Unfortunately, np.polynomial.polynomial.polyfit returns the coefficients in the opposite order of that for np.polyfit and np.polyval (or, as you used np.poly1d). To illustrate:
In [40]: np.polynomial.polynomial.polyfit(x, y, 4)
Out[40]:
array([ 84.29340848, -100.53595376, 44.83281408, -8.85931101,
0.65459882])
In [41]: np.polyfit(x, y, 4)
Out[41]:
array([ 0.65459882, -8.859311 , 44.83281407, -100.53595375,
84.29340846])
In general: np.polynomial.polynomial.polyfit returns coefficients [A, B, C] to A + Bx + Cx^2 + ..., while np.polyfit returns: ... + Ax^2 + Bx + C.

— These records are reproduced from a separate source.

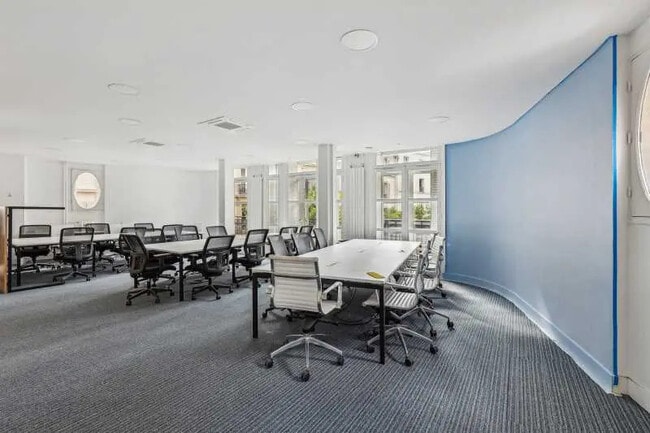 Plus de détails pour 100 Rue La Fayette, Paris - Bureau à louer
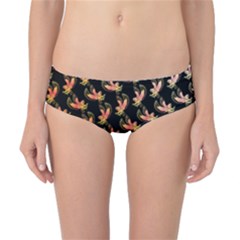 Regal Eagle Pattern Classic Bikini Bottoms by ExtraAwesomeSauce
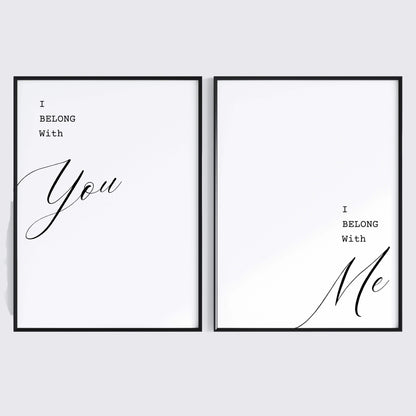 2 Frames-Love-wall-art-for-bedroom-91412977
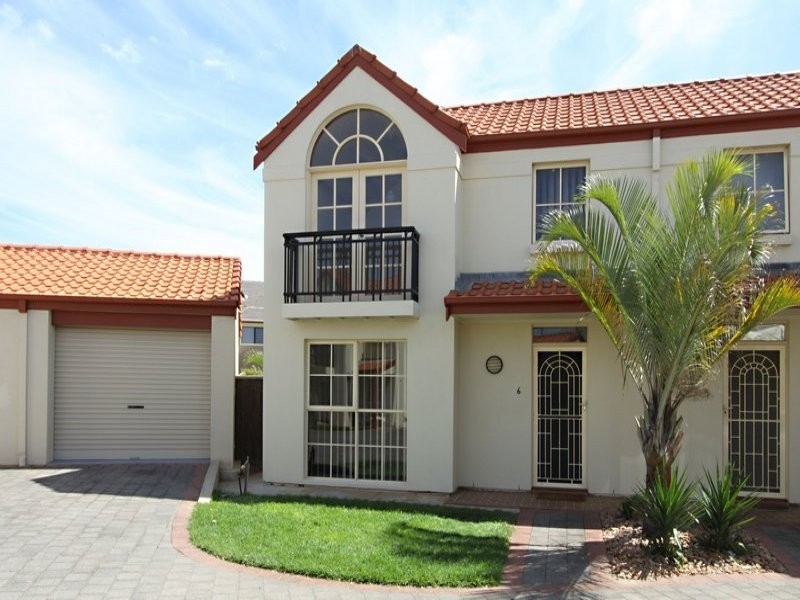 6/251 Military Road, West Lakes SA 5021
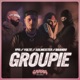 GROUPIE feat Brando Single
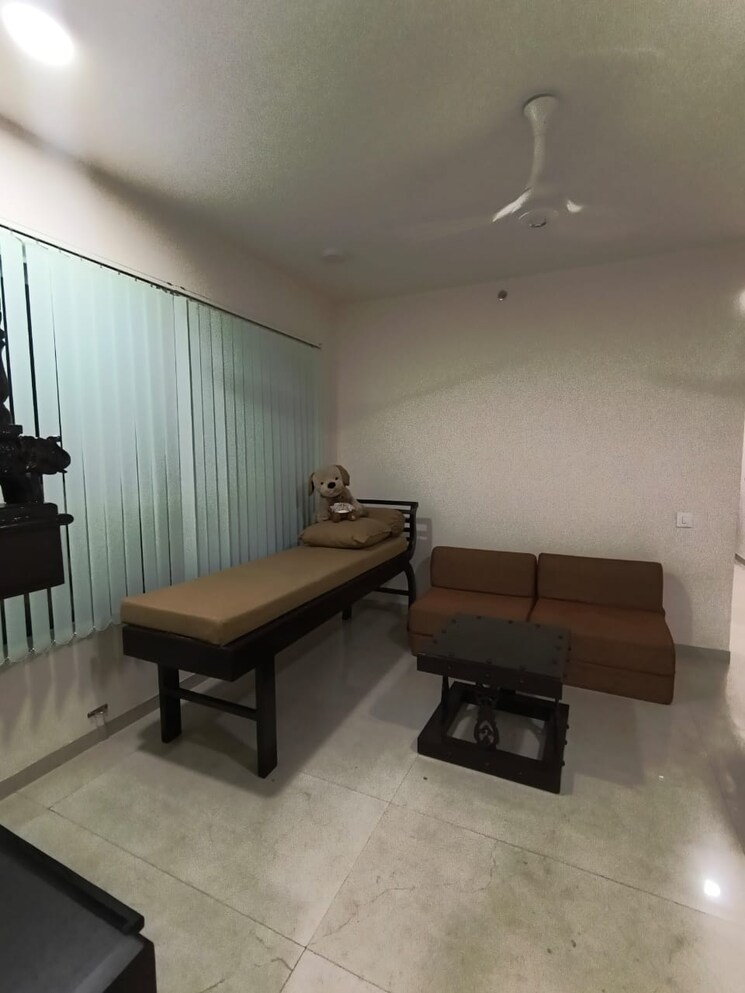 Living Room, kalpataru-paramount 2 Bedroom 711 Sq.Ft. Apartment In Kapur Bawdi Thane 8846262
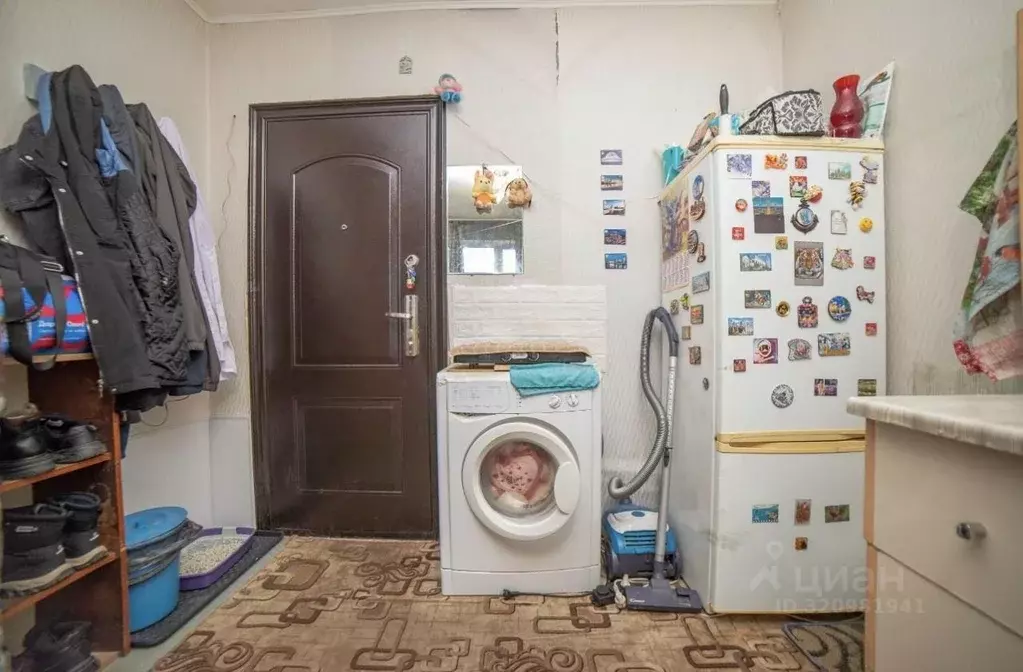 Комната Свердловская область, Екатеринбург Вторчермет жилрайон, ул. ... - Фото 1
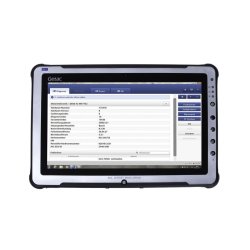 MDS Drive 188 - Valise de diagnostic auto AVL Ditest - robuste et performante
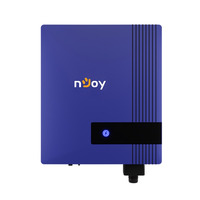 Солнечный инвертор Njoy Astris 8K/1P2T3, однофазный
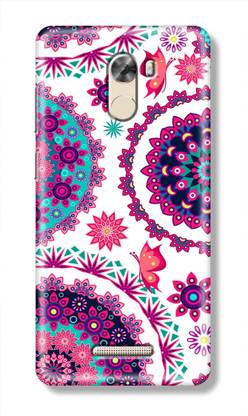 golimar Back Cover for Gionee A1 Lite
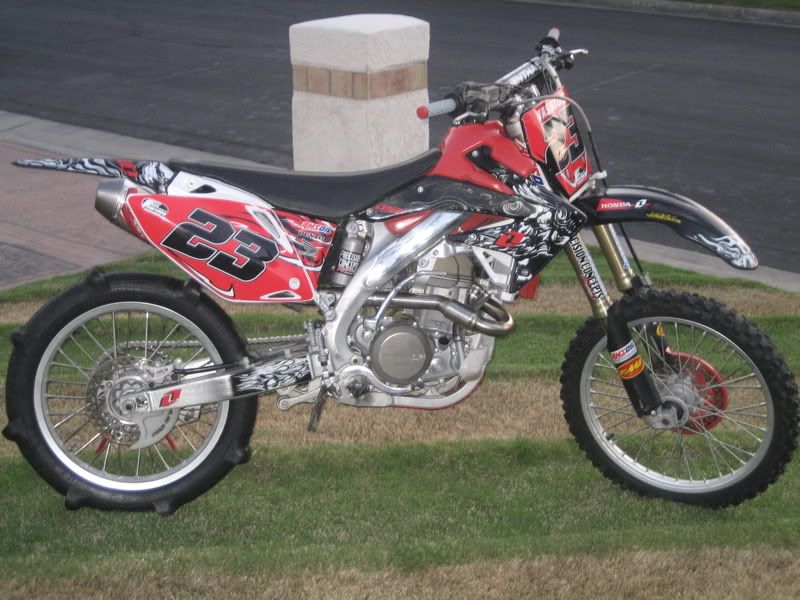 gas tank spray paint General Dirt Bike Discussion ThumperTalk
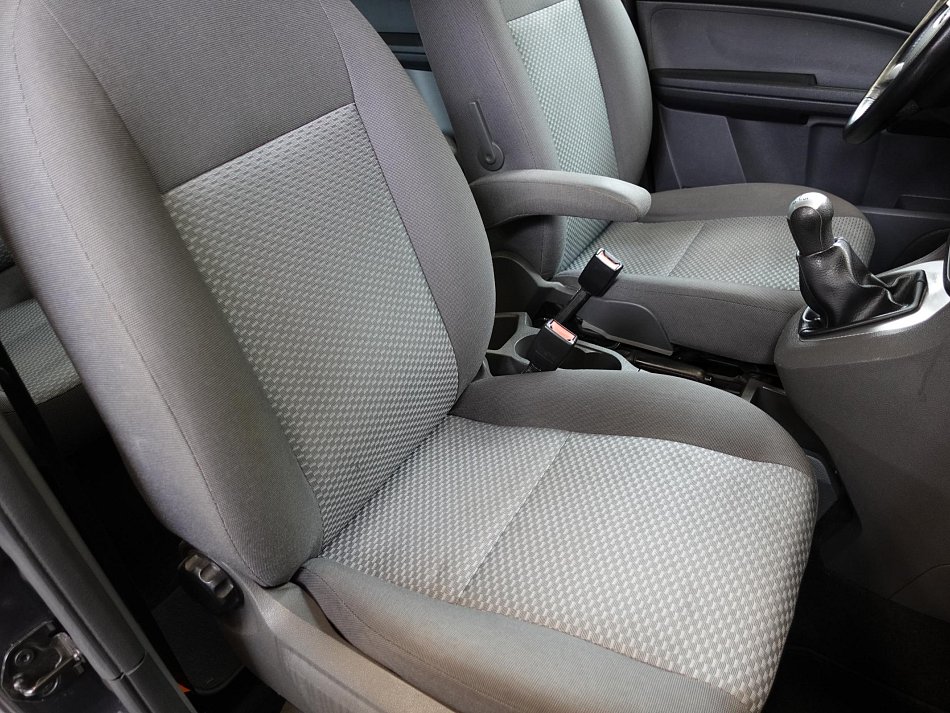 Ford C-MAX 1.6TDCi 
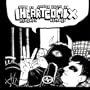 Scion Cd Sampler Volume 21: Iheartcomix Remixed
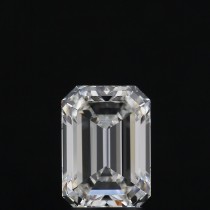 2.06 Carat H-VVS2 Emerald Cut Natural Diamond 2.06 Carat H-VVS2 Emerald Cut Natural Diamond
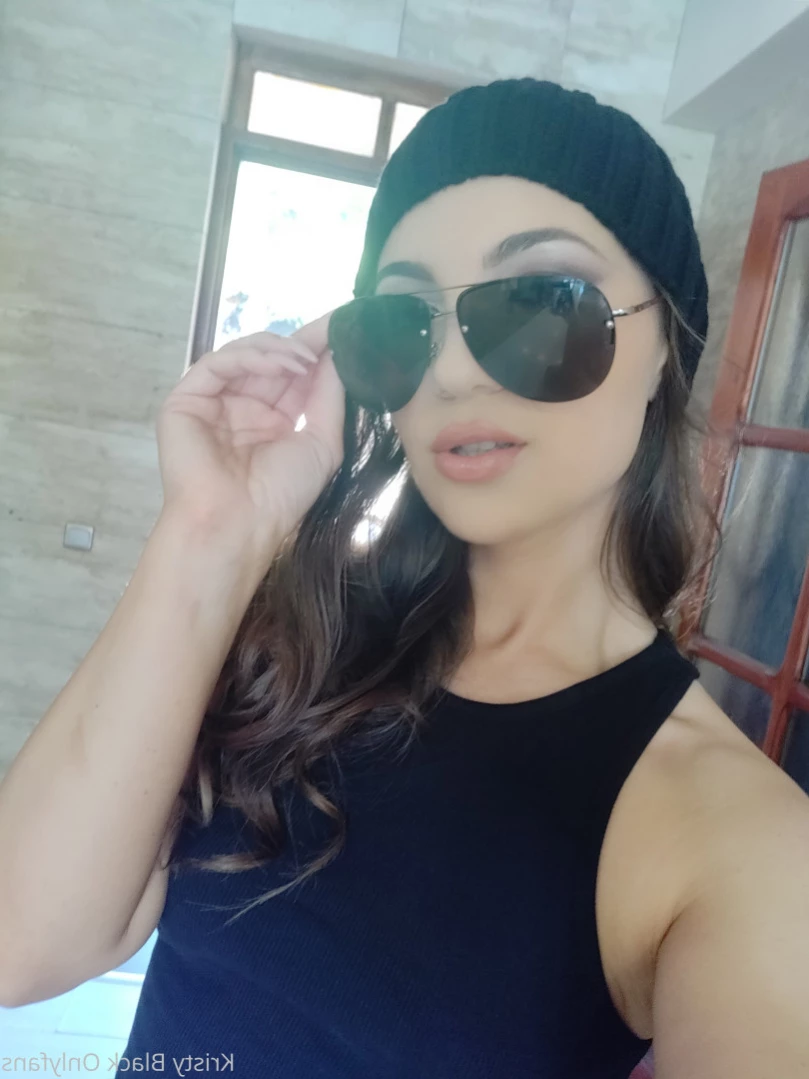 Kristy Black [ kristyblack ] Onlyfans leaked photo 16457305 on Hotleaks.tv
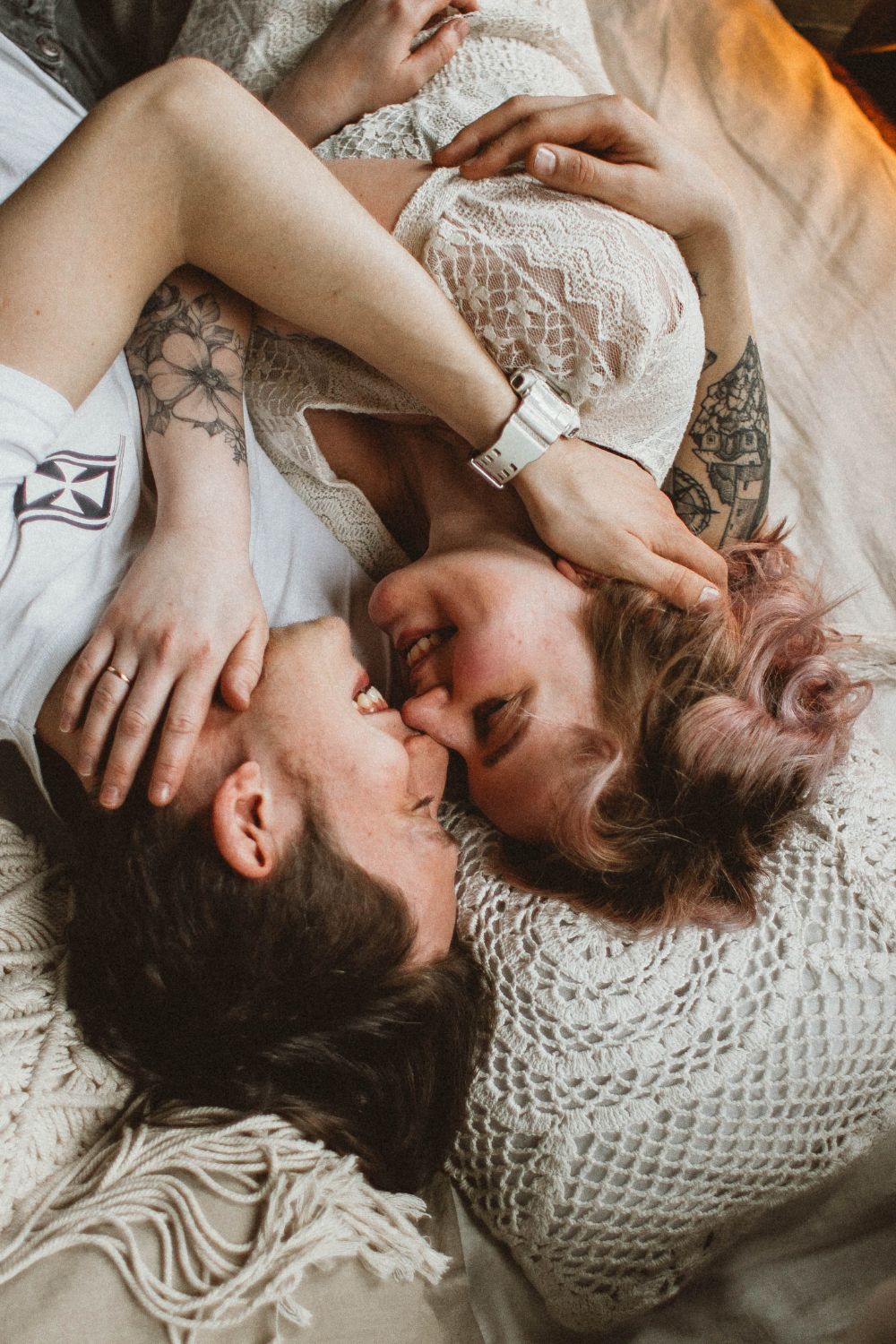 8 Tough Questions You Must Answer Before Getting Married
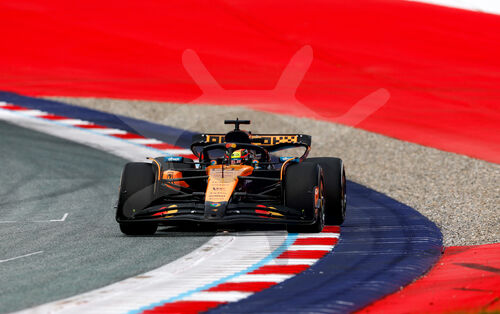 F1 Grand Prix of Austria
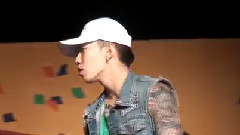 Jay Park - SOLO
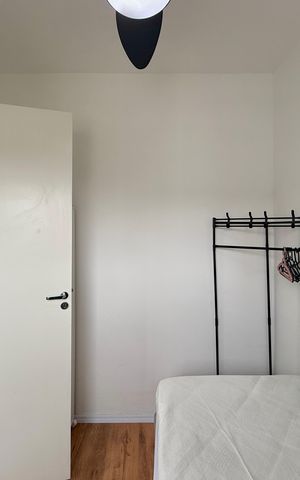 Apartamento para alugar com 35m², 2 quartos e sem vaga Apartamento para alugar com 35m², 2 quartos e sem vagaQuarto 1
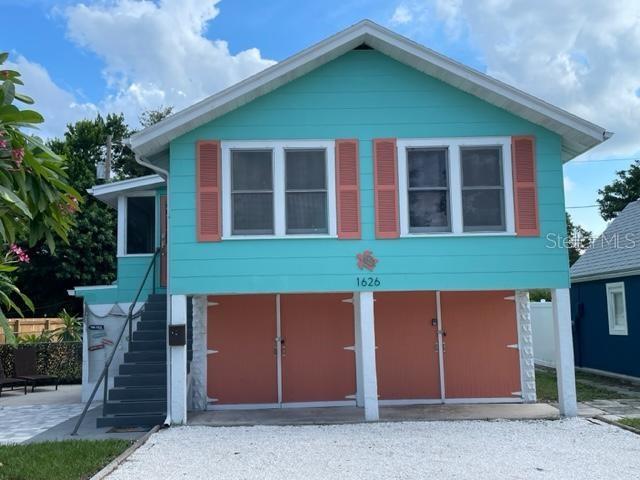 Picture of 1626 27Th Avenue N, St Petersburg, FL 33713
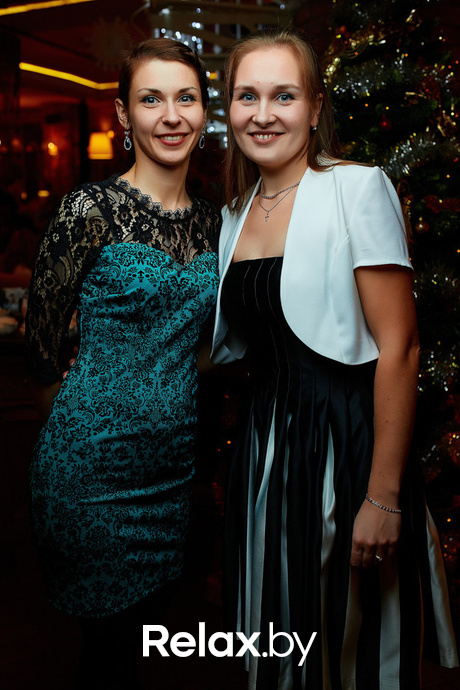 Новогодние вечера, фото № 32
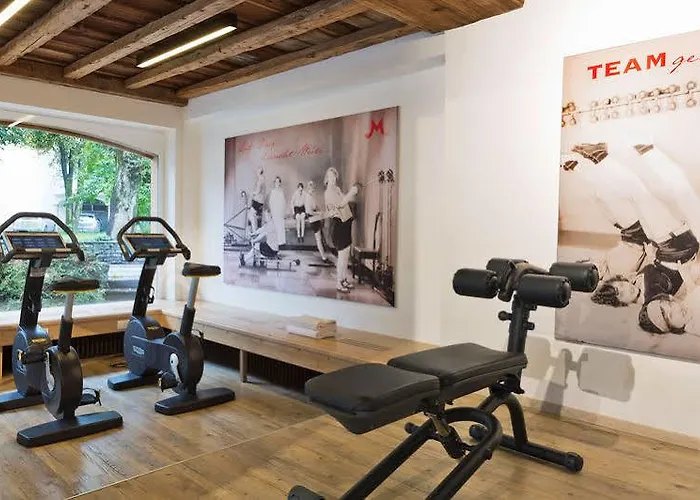 Neuhaus شقة فندقية 2*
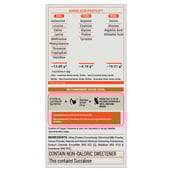 5 - MB Fuel One Whey Max,  2.2 lb  Chocolate 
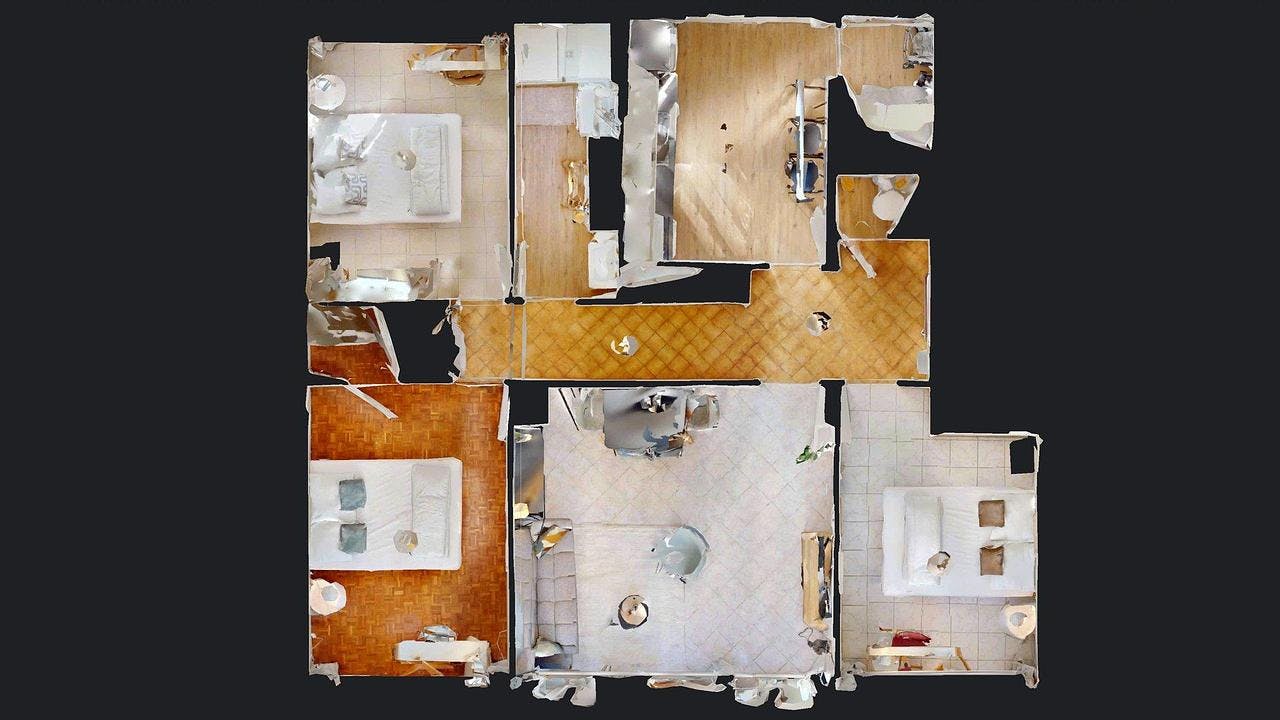 preview gallery tile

So if you want to use this combination of functions, you must reverse the order of coefficients, as in:
ffit = np.polyval(coefs[::-1], x_new)
However, the documentation states clearly to avoid np.polyfit, np.polyval, and np.poly1d, and instead to use only the new(er) package.
You're safest to use only the polynomial package:
import numpy.polynomial.polynomial as poly
coefs = poly.polyfit(x, y, 4)
ffit = poly.polyval(x_new, coefs)
plt.plot(x_new, ffit)
Or, to create the polynomial function:
ffit = poly.Polynomial(coefs) # instead of np.poly1d
plt.plot(x_new, ffit(x_new))
Note that you can use the Polynomial class directly to do the fitting and return a Polynomial instance.
from numpy.polynomial import Polynomial
p = Polynomial.fit(x, y, 4)
plt.plot(*p.linspace())
p uses scaled and shifted x values for numerical stability. If you need the usual form of the coefficients, you will need to follow with
pnormal = p.convert(domain=(-1, 1))